╭──

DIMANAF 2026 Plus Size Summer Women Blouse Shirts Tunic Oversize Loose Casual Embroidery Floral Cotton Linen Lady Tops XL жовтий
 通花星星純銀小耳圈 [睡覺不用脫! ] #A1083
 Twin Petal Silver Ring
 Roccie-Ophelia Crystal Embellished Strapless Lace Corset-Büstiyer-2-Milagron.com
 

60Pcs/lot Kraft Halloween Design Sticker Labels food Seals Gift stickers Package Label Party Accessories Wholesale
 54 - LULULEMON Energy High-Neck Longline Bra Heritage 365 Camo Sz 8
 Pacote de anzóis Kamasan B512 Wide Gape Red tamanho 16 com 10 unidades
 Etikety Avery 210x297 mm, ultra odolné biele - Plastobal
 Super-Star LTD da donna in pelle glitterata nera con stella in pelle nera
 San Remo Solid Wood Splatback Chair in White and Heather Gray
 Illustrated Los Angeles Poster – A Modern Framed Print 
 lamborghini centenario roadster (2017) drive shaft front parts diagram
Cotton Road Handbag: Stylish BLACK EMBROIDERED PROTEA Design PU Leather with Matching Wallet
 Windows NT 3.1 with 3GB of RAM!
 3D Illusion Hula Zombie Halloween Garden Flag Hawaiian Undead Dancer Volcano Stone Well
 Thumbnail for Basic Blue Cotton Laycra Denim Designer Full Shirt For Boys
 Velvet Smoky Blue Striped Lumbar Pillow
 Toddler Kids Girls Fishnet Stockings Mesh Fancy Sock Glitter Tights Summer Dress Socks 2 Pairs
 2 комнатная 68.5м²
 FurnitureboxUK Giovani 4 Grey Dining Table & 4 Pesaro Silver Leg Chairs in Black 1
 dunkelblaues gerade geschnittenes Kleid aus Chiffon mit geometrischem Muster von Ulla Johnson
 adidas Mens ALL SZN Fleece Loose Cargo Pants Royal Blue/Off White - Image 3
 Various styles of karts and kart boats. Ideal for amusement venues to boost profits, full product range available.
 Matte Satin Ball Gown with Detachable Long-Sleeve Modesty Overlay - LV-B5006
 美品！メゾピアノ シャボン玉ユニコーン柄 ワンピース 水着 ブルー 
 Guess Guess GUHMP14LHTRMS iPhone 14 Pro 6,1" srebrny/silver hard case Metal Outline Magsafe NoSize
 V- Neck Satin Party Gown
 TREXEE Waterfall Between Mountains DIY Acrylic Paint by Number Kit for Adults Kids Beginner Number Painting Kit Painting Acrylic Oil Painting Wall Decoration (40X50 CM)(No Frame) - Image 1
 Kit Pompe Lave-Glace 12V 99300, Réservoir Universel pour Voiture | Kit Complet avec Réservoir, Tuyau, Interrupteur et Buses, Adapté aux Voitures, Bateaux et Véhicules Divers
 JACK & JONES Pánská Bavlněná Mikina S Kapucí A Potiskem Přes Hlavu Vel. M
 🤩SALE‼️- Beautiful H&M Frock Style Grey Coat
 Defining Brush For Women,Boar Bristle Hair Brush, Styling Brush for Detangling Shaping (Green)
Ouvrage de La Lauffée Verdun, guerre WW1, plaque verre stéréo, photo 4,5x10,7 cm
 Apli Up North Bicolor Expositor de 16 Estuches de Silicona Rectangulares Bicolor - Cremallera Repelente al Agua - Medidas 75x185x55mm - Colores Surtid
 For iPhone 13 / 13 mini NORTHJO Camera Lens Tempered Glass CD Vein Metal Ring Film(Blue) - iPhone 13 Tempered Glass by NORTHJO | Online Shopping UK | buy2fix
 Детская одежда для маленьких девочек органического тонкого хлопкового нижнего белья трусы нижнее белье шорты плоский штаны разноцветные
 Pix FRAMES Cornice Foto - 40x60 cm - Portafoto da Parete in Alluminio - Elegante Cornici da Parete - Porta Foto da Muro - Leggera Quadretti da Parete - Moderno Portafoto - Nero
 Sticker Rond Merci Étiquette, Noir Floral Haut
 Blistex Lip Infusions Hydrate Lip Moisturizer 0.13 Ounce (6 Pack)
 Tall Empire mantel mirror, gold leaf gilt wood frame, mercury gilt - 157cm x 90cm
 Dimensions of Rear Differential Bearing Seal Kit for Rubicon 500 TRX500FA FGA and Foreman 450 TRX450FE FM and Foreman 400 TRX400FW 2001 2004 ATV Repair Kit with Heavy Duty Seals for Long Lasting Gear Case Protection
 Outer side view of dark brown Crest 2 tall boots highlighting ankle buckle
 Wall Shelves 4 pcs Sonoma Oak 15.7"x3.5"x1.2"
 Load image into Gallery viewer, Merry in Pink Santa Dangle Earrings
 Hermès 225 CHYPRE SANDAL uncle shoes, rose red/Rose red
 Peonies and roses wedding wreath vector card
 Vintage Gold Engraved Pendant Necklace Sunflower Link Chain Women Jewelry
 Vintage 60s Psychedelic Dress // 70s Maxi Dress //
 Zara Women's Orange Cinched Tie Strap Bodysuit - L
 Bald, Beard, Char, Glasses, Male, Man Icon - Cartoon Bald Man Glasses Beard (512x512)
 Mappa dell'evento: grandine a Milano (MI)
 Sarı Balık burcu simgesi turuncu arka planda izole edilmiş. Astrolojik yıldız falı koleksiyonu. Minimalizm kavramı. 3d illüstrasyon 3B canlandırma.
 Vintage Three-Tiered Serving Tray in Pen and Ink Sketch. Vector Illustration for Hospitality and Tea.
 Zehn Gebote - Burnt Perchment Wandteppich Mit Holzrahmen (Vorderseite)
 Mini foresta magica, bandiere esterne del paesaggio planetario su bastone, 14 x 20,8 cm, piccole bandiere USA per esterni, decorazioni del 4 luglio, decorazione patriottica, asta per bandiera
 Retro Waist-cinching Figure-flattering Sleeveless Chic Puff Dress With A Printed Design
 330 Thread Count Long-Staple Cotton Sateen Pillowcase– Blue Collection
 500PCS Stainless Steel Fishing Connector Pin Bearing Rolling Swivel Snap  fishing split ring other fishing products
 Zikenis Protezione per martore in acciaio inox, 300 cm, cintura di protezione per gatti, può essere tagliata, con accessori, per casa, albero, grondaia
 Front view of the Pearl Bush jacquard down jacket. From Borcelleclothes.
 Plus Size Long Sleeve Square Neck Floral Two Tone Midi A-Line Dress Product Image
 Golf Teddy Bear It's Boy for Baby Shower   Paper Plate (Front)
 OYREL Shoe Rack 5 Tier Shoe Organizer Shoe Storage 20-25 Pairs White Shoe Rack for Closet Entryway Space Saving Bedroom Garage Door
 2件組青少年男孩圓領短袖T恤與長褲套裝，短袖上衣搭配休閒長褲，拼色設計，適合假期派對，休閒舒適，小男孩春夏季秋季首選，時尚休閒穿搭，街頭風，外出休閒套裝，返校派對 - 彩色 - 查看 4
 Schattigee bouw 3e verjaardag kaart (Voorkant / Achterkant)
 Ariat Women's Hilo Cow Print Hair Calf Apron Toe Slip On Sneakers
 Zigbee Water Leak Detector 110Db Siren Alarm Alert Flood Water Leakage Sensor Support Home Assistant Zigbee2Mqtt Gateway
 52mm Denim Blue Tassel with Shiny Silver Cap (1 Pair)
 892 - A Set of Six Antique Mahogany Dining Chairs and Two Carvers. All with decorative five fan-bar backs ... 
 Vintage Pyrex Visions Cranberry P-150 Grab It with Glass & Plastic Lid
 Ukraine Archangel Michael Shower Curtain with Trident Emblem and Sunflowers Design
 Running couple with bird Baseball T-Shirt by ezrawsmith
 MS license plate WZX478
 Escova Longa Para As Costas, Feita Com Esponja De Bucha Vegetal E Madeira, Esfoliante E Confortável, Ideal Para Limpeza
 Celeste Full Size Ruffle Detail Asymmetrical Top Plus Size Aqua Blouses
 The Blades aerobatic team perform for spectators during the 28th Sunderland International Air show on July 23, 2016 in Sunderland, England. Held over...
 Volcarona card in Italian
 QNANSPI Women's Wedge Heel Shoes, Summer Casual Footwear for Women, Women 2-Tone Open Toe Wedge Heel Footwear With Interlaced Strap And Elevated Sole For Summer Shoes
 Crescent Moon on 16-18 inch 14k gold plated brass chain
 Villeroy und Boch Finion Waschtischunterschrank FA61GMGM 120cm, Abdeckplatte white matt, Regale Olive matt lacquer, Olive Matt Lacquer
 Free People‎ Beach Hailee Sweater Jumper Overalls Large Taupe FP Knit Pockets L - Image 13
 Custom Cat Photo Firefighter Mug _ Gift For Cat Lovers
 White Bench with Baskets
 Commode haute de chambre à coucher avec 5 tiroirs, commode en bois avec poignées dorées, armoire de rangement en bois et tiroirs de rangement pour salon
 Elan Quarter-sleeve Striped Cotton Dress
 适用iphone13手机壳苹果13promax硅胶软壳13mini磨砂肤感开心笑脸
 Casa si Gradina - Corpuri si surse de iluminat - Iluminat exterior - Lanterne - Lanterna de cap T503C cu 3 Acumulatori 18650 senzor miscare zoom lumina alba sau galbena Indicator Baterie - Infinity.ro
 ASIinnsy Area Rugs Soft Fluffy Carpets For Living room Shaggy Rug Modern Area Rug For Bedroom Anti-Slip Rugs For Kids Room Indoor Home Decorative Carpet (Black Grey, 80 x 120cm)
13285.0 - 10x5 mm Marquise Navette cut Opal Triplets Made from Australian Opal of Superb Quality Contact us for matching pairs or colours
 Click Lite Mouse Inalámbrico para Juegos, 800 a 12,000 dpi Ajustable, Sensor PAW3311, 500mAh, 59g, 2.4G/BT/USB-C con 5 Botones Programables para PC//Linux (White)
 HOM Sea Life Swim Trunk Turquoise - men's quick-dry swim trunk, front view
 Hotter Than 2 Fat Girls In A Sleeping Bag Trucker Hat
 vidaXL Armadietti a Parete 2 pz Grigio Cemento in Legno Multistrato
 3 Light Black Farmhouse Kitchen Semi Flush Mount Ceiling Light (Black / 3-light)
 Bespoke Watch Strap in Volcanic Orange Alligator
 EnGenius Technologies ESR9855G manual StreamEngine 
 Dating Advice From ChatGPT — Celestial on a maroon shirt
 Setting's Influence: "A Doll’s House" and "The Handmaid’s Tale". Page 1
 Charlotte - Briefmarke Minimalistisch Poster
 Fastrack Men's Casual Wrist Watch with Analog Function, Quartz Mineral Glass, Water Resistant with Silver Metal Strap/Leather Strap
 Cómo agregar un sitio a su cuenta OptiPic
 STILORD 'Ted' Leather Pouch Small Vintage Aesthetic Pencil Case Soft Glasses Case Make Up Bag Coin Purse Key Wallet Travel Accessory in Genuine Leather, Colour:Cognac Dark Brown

╰──

What the task asks
Take the lines above from the one containing "V- Neck Satin Party Gown" to the one containing "TREXEE Waterfall Between" and retype them exactly, both ends included, with nothing added.

Your solution
 V- Neck Satin Party Gown
 TREXEE Waterfall Between Mountains DIY Acrylic Paint by Number Kit for Adults Kids Beginner Number Painting Kit Painting Acrylic Oil Painting Wall Decoration (40X50 CM)(No Frame) - Image 1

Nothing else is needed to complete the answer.